This is the architecture that closes the gap the other three approaches leave open. One model handles language coverage. The two-stage design keeps inference tractable across thousands of categories. Translation is held in reserve for the languages where the multilingual model has the least training signal. The result is a single pipeline that produces production-grade accuracy on common EU languages and degrades gracefully on rare ones, instead of failing silently or requiring N parallel models.

“The instinct is always to solve multilingual with translation first — it feels like a shortcut to an existing solution. What we’ve seen is that translation artifacts compound through the classification layer, and by the time the error reaches a supplier alert or a compliance report, tracing it back to a mistranslated procurement term is hard. The architecture that holds up in production is a multilingual classifier on the front end, refinement underneath, and translation only where the training data runs out.”
— Alex Yudin, Head of Data Engineering at GroupBWT

Choosing the Right Strategy

The right answer depends on what the classification output is used for. If classification is informational — analysts browsing tender categories — translation plus a single English model may be good enough. If classification drives search relevance, compliance filtering, or automated supplier alerts, the multilingual classifier with refinement is the production answer.
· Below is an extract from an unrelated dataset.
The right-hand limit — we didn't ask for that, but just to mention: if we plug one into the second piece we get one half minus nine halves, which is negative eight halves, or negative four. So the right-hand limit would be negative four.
Per-language models are worth the investment in narrow cases where one or two language markets dominate commercially and labeled data is abundant.

comparing classification strategies for multilingual procurement data at scale

Also Read: How We Build Tender Data Aggregation Systems: Architecture, Failure Modes, and Lessons from 100+ Portals

How CPV Codes Solve the Language Problem

What CPV Codes Are and Why They Matter

The Common Procurement Vocabulary is the EU’s standard classification system for public procurement. Every CPV code is nine digits plus a check digit, organized in a hierarchy: division (the 45 first-level classes), group, class, category, subcategory. The code 45310000-3, for example, identifies electrical installation work regardless of which language the contract notice is written in.
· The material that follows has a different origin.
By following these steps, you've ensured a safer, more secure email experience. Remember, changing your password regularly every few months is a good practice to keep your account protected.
CPV codes are what make cross-language tender search possible. A supplier looking for electrical installation contracts doesn’t need to know how to describe their service in Romanian, Polish, and Swedish — they query by CPV code and the system returns relevant notices regardless of source language. For a system covering multilingual procurement data, CPV is the language-neutral anchor.

CPV codes anchor tender records across languages for cross-border search

How CPV Supports Cross-Language Tender Search

A record from a Bulgarian national portal, classified to CPV 45310000-3 and stored in a normalized schema, appears in the same search results as an equivalent UK contract — without any translation step at query time. Organizations monitoring procurement across multiple jurisdictions don’t want to maintain separate search strategies per language. They want one query, one result set, one dataset. CPV is what makes that possible — but only if the classification is accurate and consistent across sources.

Using CPV for Tender Classification and Data Unification

Where source portals provide CPV codes, the classification task is validation and gap-filling. Where they don’t — common for below-threshold notices — the system has to predict the appropriate code from the tender text.

In systems GroupBWT has built, the CPV prediction model returns ranked code candidates with associated probability scores. The output is stored in the OCDS Augmentation Extension using the standard structure: method (model prediction, source-provided, or manual), candidates[] (the ranked predictions), and matchValue (the confidence score for the top candidate). That metadata is what makes audit queries possible — “show me every record where the top CPV candidate had a matchValue below the deployment threshold” is a valid compliance question, and it’s only answerable if the candidates and confidence travel with the record. OCDS tender data classification is the structural reason this audit trail survives long-term: without an OCDS schema and its augmentation extension, the same metadata has no standard place to live and gets lost the first time the storage layer is migrated.

Limits of CPV and Additional Vocabulary

CPV isn’t perfect. The taxonomy has categories that are too broad for meaningful search in some sectors, and it doesn’t cover every procurement type with the specificity that some clients need. Heavy equipment rental and specialized laboratory services, for example, fall into CPV branches shared with adjacent service types — the code alone doesn’t fully distinguish them.

For systems where CPV isn’t sufficient, a secondary vocabulary layer extends classification specificity. Procurement taxonomy mapping — using free-text features from tender title and description in combination with CPV — produces more precise classification than CPV alone. The architecture choice is whether to run this as a post-CPV refinement step or as a parallel classification track.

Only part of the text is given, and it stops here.